Patients were randomly assigned (1:1:1) to pembrolizumab, pembrolizumab-chemotherapy, or cetuximab-chemotherapy. Efficacy was evaluated in PD-L1 CPS ≥ 20, CPS ≥ 1, and total populations, with no multiplicity or alpha adjustment.

The median study follow-up was 45.0 months. At data cut-off on 18 February 2020, OS improved with pembrolizumab in the PD-L1 CPS ≥ 20 (hazard ratio [HR] 0.61; 95% confidence interval [CI] 0.46 to 0.81) and CPS ≥ 1 populations (HR 0.74; 95% CI 0.61 to 0.89) and was non-inferior in the total population (HR 0.81; 95% CI 0.68 to 0.97). With pembrolizumab-chemotherapy, OS improved in the PD-L1 CPS ≥ 20 (HR 0.62; 95% CI 0.46 to 0.84), CPS ≥ 1 (HR 0.64; 95% CI 0.53 to 0.78), and total (HR 0.71; 95% CI 0.59 to 0.85) populations.

The objective response rate (ORR) on second-course pembrolizumab was 27.3%. PFS2 improved with pembrolizumab in the PD-L1 CPS ≥ 20 (HR 0.64; 95% CI 0.48 to 0.84) and CPS ≥ 1 (HR 0.79; 95% CI 0.66 to 0.95) populations and with pembrolizumab-chemotherapy in the PD-L1 CPS ≥ 20 (HR 0.64; 95% CI 0.48 to 0.86), CPS ≥ 1 (HR 0.66; 95% CI 0.55 to 0.81), and total (HR 0.73; 95% CI 0.61 to 0.88) populations. PFS2 was similar after pembrolizumab and longer after pembrolizumab-chemotherapy on next-line taxanes and shorter after pembrolizumab and similar after pembrolizumab-chemotherapy on next-line non-taxanes.

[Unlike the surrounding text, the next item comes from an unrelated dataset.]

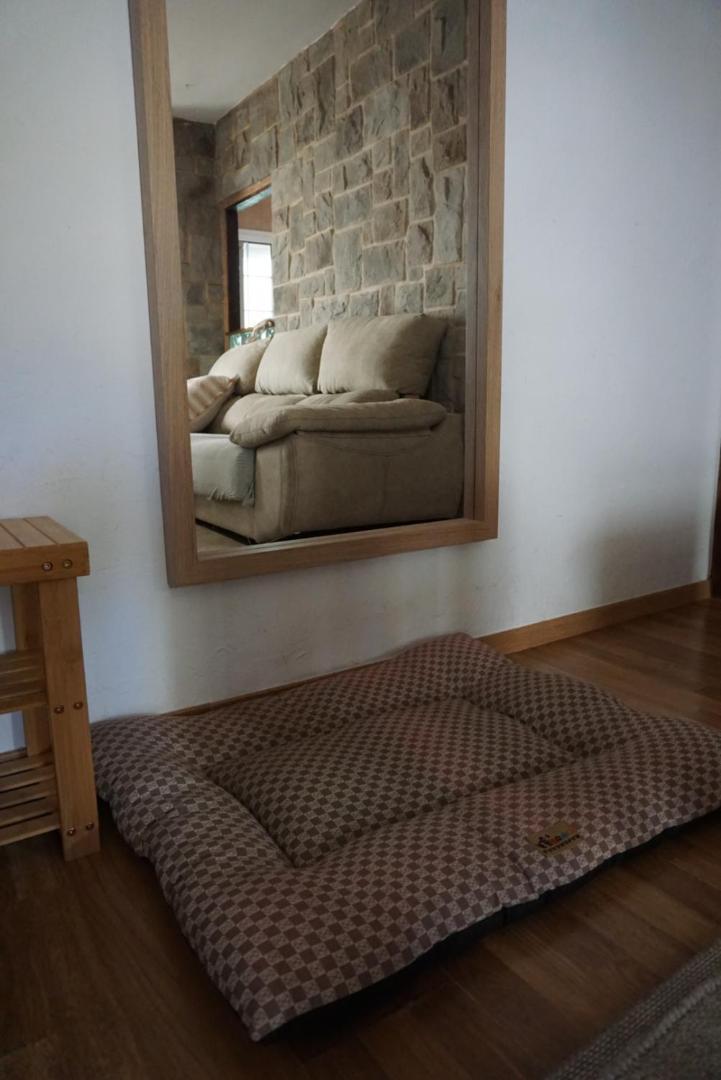 Apartamento En Huelva. Exteriér fotografie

These results support earlier findings of KEYNOTE-048. The authors underlined that the results represent unprecedentedly favourable outcomes for patients with recurrent or metastatic HNSCC and demonstrate the broad benefit of pembrolizumab-based treatment, including in patients with poor prognostic markers such as smoking history and HPV-negative oropharyngeal cancer.

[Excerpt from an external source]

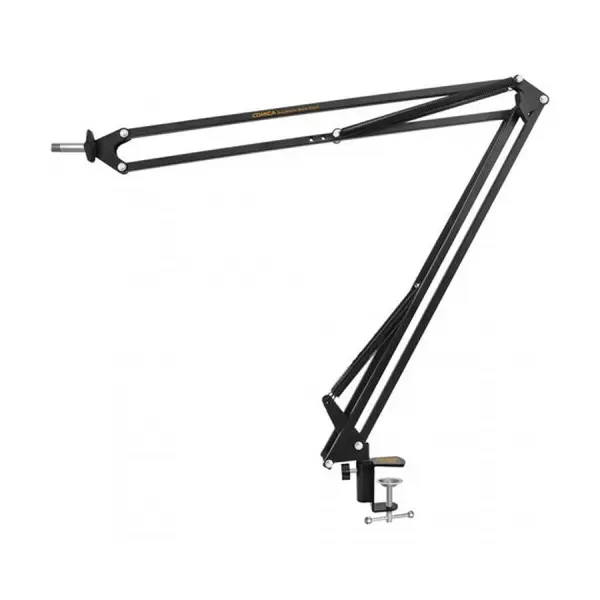 پایه میکروفون بازویی کامیکا CVM-MS01 - 3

In a companion oncology grand rounds article that placed original report into clinical context, Dr. Alan L. Ho of the Memorial Sloan Kettering Cancer Center and Weill Cornell Medical College in New York City, NY, US wrote that although KEYNOTE-048 was not designed to directly compare the outcomes observed between the pembrolizumab alone and pembrolizumab-chemotherapy arms, considering how each performed relative to cetuximab-chemotherapy within different CPS subgroups aids in clinical decision making for individual patients. 

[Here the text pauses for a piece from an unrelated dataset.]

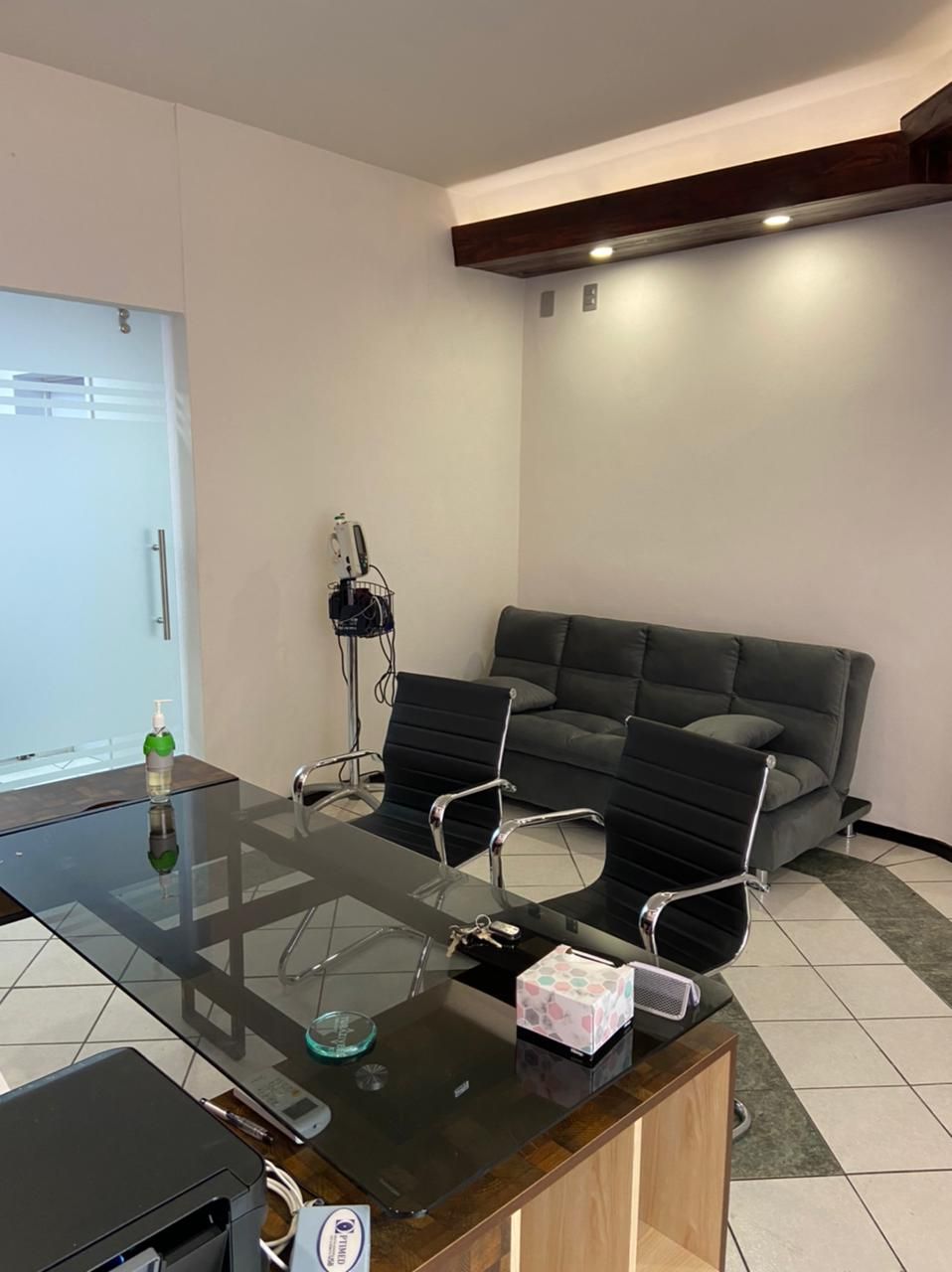 José Antonio Garibay Palacios-3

Dr. Ho stated that despite the OS advantage of pembrolizumab-based treatment, neither arm meaningfully improved ORR or PFS over cetuximab-chemotherapy. Efficacy of pembrolizumab in frail or chemotherapy-ineligible patients with HNSCC, however, is not well understood, and superiority to lower toxicity cytotoxic options has not been established. Post hoc KEYNOTE-048 data analysis revealed that PFS2 was prolonged with pembrolizumab with or without chemotherapy over cetuximab-chemotherapy in the same CPS categories where OS was improved. However, only approximately half of the patients in this analysis received subsequent drug, making it difficult to conclude that this observation reflects greater efficacy with second-line treatment after pembrolizumab progression.

For chemotherapy-fit patients in whom achieving tumour regression is a priority, pembrolizumab-chemotherapy is preferred; other patients may be considered for pembrolizumab monotherapy. Patient preference for how to balance treatment side effects and efficacy with treatment selection must be prioritised in the palliative treatment setting, particularly given the more favourable side effects profile of pembrolizumab without chemotherapy.

The KEYNOTE-048 study was supported by Merck Sharp & Dohme LLC, a subsidiary of Merck & Co, Inc, Rahway, NJ, US.